4.3. Spatial Resolution and Sensors Characteristics

We generally found that the strength of the NDVI_is–NDVI_MD relationship tended to decrease with decreasing spatial resolution (from 0.5 × 0.5 to 3.5 × 3.5 km, Figure 3), this is due to a closer spatial correlation between the NDVI_is and NDVI_MD 0.5km product as a consequence of the limited spatial representation for the in situ NDVI. In situ radiation sensors are generally mounted a few meters above the canopy, limiting radiation measurements to a small area that is not representative of the biome or landscape. This is particularly true in heterogeneous sites [35], while the instant field of view (IFOV) of the radiometric measurements tends to be too small to effectively represent a landscape or plant functional type [36,40]. The potential use of in situ radiation measurement data in the upscaling of site responses may be improved by increasing the spatial representativeness of the canopy dynamics. For example, the radiometer should be placed at the convenient distance above the canopy to sense a larger area that is comparable at the satellite pixels. To reduce the mismatch between in situ and satellite measurements, it could be helpful to have more than one radiation sensor for at least downward radiation measurements in the flux footprint area (i.e., a mobile track or transect).

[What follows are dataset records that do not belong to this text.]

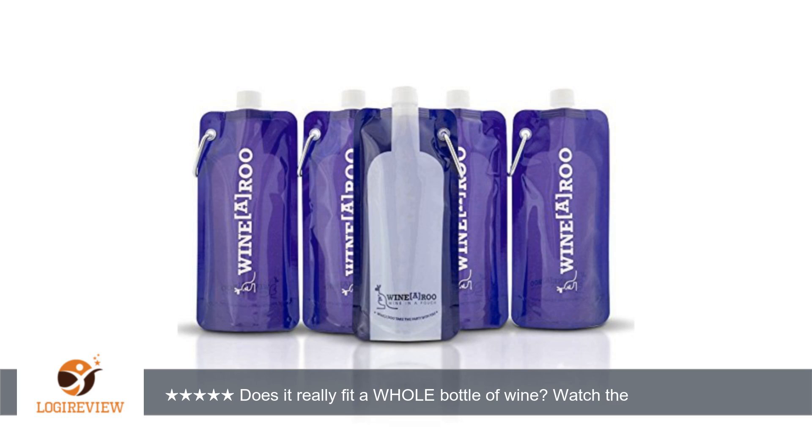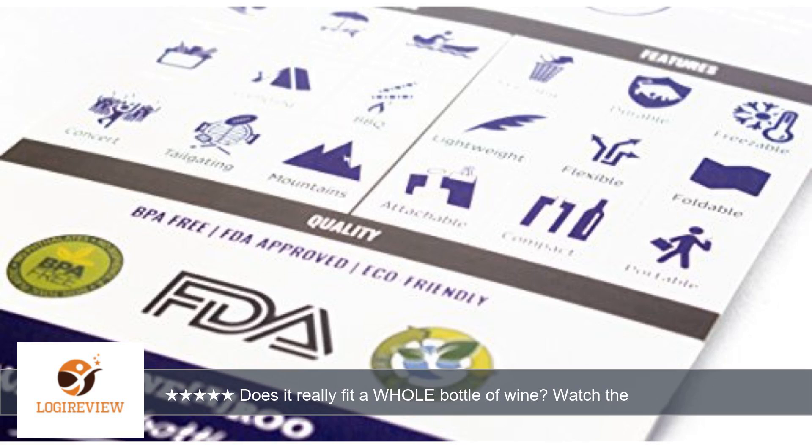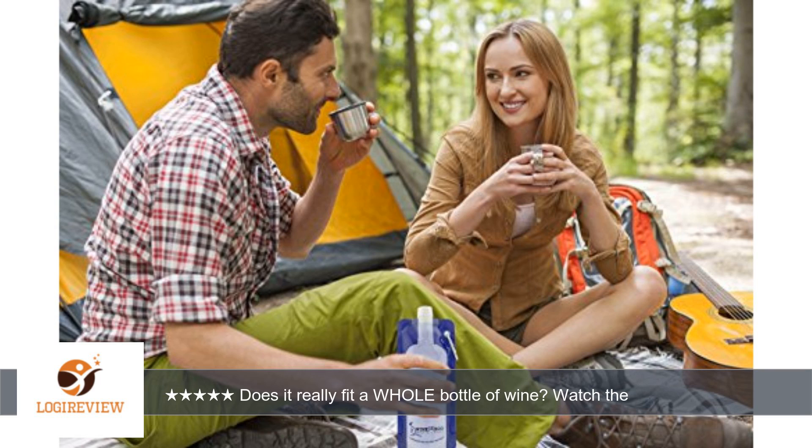I purchased this winey root pouch at a great discount and this is an honest review. I've also tried folding it and was able to fold it up and put the caravan around the folded part to keep it folded together. I thought that was a very convenient feature for storing it when you've drank your last sip of wine.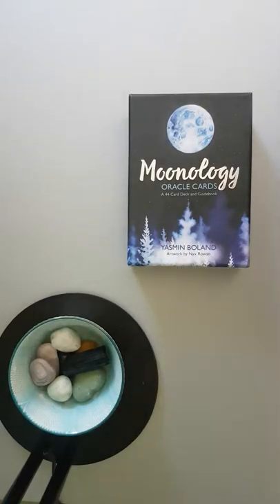Hi, welcome to Magpie Moonchild. I'm Kayleigh. I thought I would take a flick through the Moonology Oracle cards by Yasmin Boland, and the artwork is by Nix Rowan.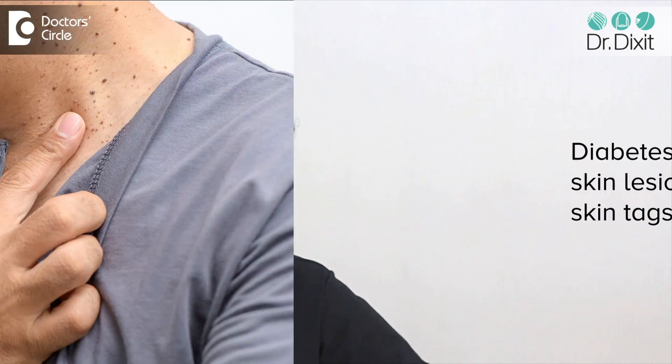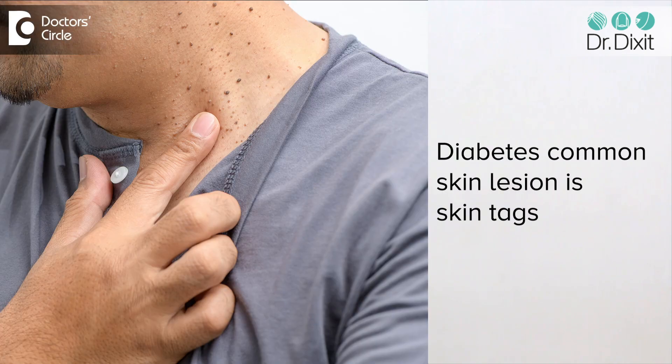Along with the sudden growth of skin tags — tiny growths of skin which can occur on the face, on the eyelids, on the neck, and generally in all flexural areas as well.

This allows to better identify the in situ spatial variability of canopy reflectance. A precise estimation of the flux footprint could also help to improve the upscaling of in situ data. Flux footprint is assumed to vary between 10 to 100 times of the measurements height; however, this assumption tends to overestimate the flux source area [49]. The recent launch of the space borne high-resolution ESA Sentinel-2 mission (10 m × 10 m) opens a unique opportunity in phenological application and upscaling flux and in situ data.

5. Conclusions

We found limitations of MODIS and in situ NDVI in the capture of GPP seasonal dynamics for evergreen forests due to insufficient description of plant ecophysiology by the NDVIs, and landscape heterogeneity estimated using the SHI of PFT is essential in upscaling GPP data.

Our results confirm that to improve the accuracy of upscaling in situ data of site GPP seasonal responses, in situ radiation measurements should use larger field of view to sense an area or more sensors should be placed in the flux footprint area allow optimal match with satellite sensor pixel size.